History of the Language Learning Resource Center

From“The Handbook of Research for Educational Communications Technology”

“It is not until 1908 that there is any evidence of a laboratory arrangement of phonographic equipment” (Leon, 1962). By this is meant a dedicated facility for foreign-language study. This lab was at the University of Grenoble in France. An American, Frank C. Chalfant, who studied there in the summer of 1909, appears to have been the one who brought the idea back to this country. He installed a “phonetics laboratory” at Washington State College in Pullman during the 1911-1912 academic year. Pictures of this installation in use show students listening via networked earphones. This lab also had a phonograph recording machine so that students could compare their pronunciation with the native-speaker models.

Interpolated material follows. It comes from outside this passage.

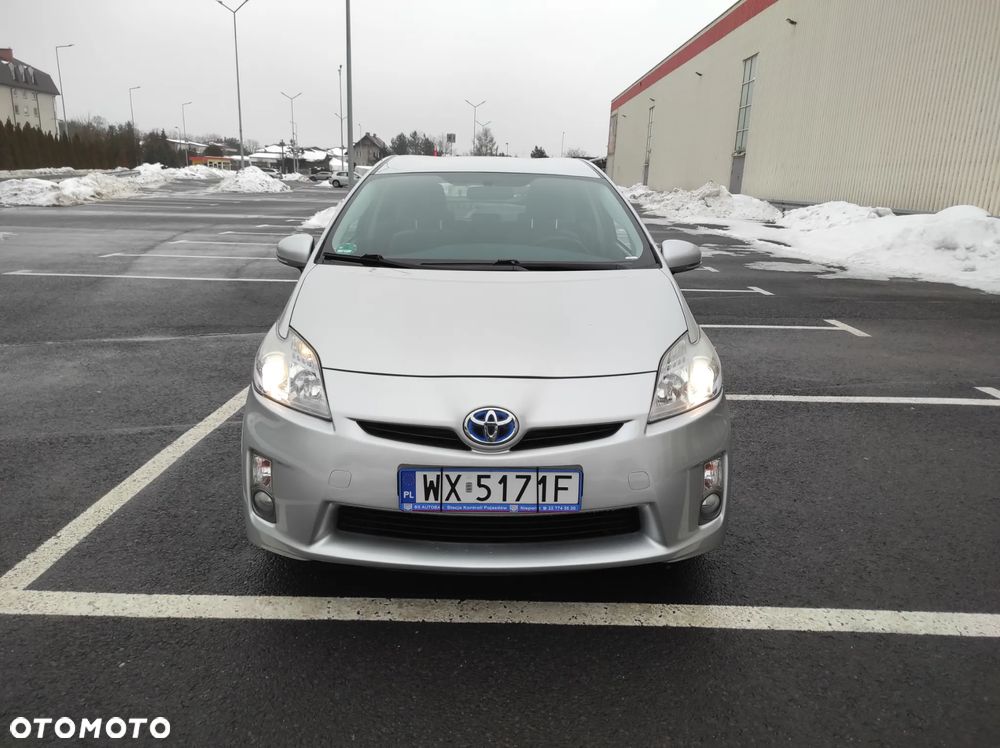 Toyota Prius (Hybrid) Life - 5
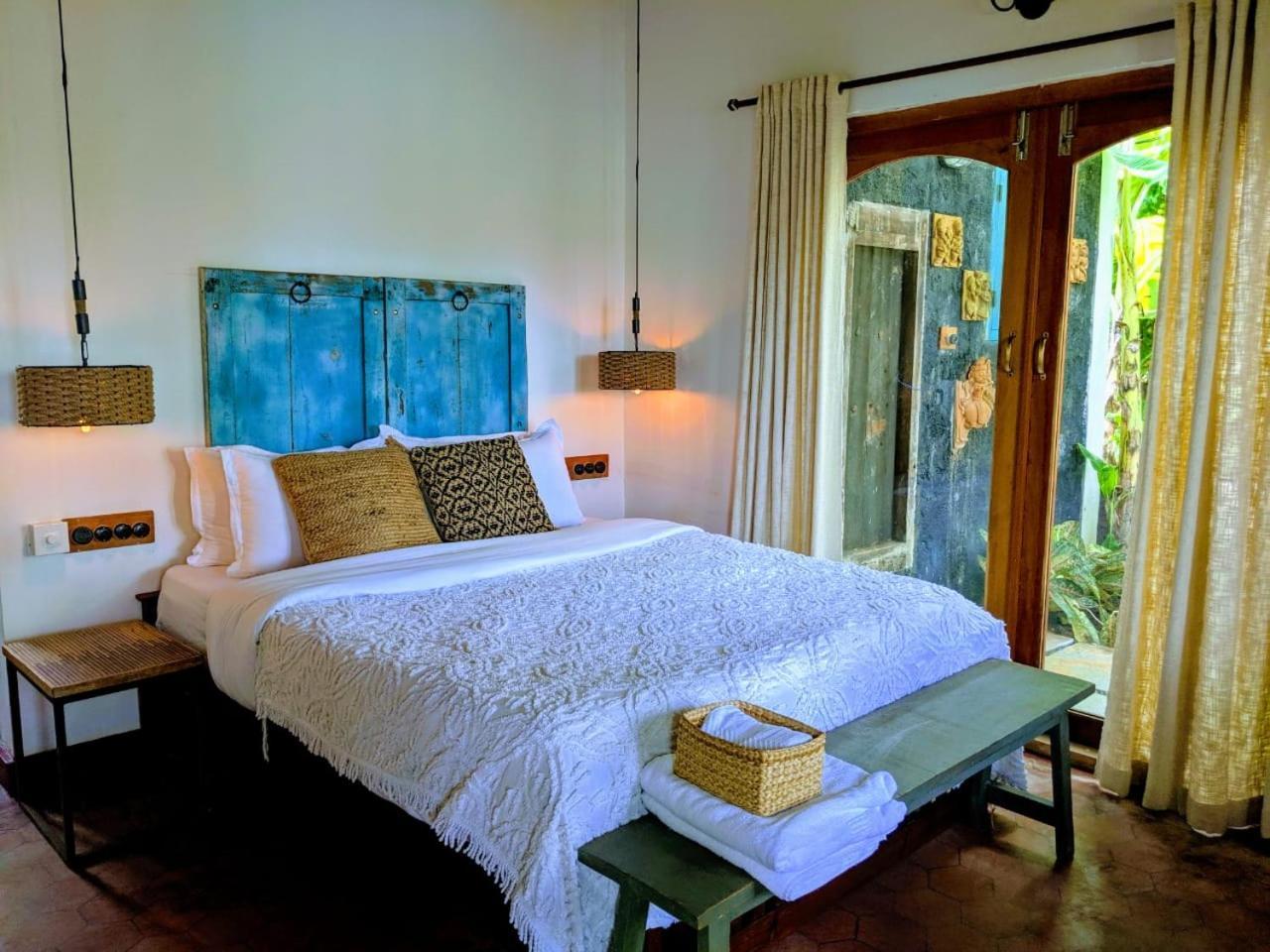 アーラップーザ県 Sunsets And Palm Trees Bed & Breakfast エクステリア 写真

Near the time that Chalfant established his phonetics laboratory, the U.S. Military and Naval Academy set aside rooms for listening to foreign-language records (Clarke, 1918). Another early facility was set up at the University of Utah in 1919 by Ralph Waltz (1930). He moved to Ohio State and built another lab about which he published several articles (Waltz, 1930, 1931, 1932). Waltz is usually credited with coining the term language laboratory in 1930 (Hocking, 1964). In fact, Chalfant had used it as early as 1916 in the Washington State College yearbook, the Chinookand probably in the regional foreign-language education circles of which he was a leader. In any event, the preferred term until after W.W.II was “phonetics lab.”

During the 1930s many institutions established labs (Gullette, 1932), but, as in the case of the phonograph, discussions of their use did not loom large in the methodological literature. For example, the Modern Language Journal’s annual annotated bibliography of monographs and articles only had four entries prior to 1945 besides the three articles by Waltz. The bibliography of the language laboratory for the years 1938-1958 compiled by Sanchez (1959) only added four items to the total for the pre-war period. Eddy (1944) and Whitehouse (1945) describe the equipment and use of two labs at the end of the period under consideration.